::: Data supplied

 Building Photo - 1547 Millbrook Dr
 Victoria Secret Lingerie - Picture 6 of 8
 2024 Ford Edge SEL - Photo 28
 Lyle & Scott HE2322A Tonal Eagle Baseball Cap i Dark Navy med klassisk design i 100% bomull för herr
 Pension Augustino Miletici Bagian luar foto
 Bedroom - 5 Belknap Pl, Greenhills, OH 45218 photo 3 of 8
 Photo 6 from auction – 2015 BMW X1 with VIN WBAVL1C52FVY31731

::::::
::: Data supplied

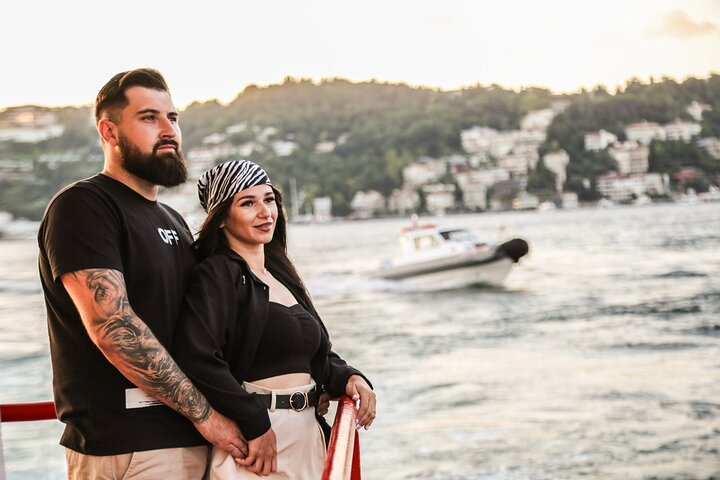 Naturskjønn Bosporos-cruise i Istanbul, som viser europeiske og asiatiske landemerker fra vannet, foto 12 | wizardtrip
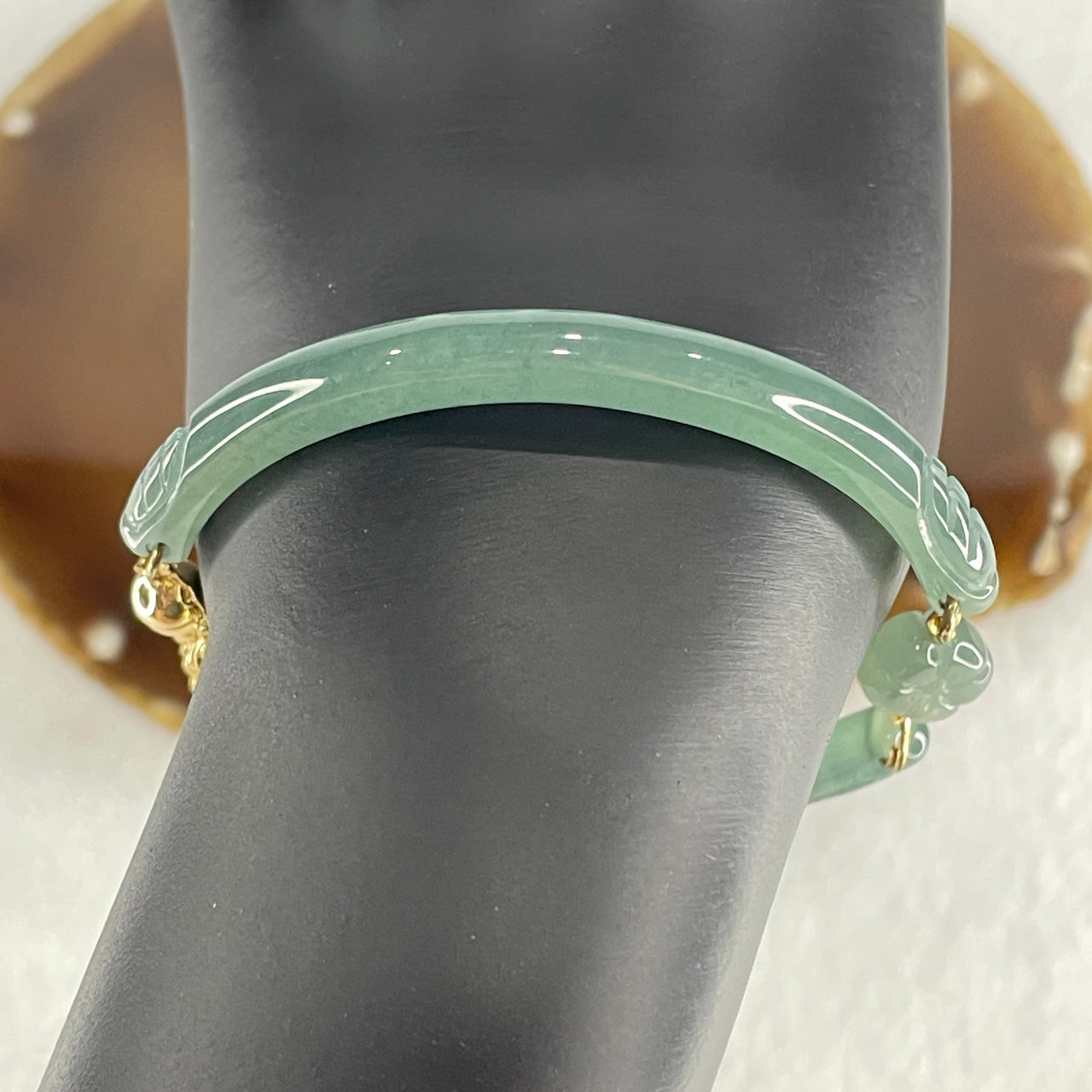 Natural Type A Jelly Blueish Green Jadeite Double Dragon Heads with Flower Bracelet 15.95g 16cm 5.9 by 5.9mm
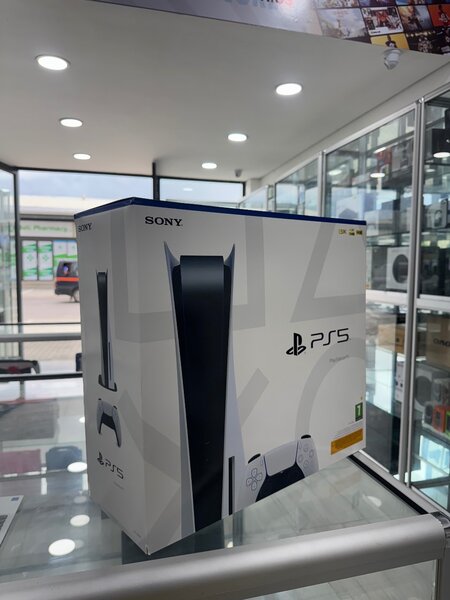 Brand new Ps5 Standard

::::::

Requirement
Only the lines above starting at the line that holds "Building Photo - 1547 Millbrook Dr" and ending at the line that holds "Photo 6 from" are to be repeated, exactly and in full.

Answer to this problem
 Building Photo - 1547 Millbrook Dr
 Victoria Secret Lingerie - Picture 6 of 8
 2024 Ford Edge SEL - Photo 28
 Lyle & Scott HE2322A Tonal Eagle Baseball Cap i Dark Navy med klassisk design i 100% bomull för herr
 Pension Augustino Miletici Bagian luar foto
 Bedroom - 5 Belknap Pl, Greenhills, OH 45218 photo 3 of 8
 Photo 6 from auction – 2015 BMW X1 with VIN WBAVL1C52FVY31731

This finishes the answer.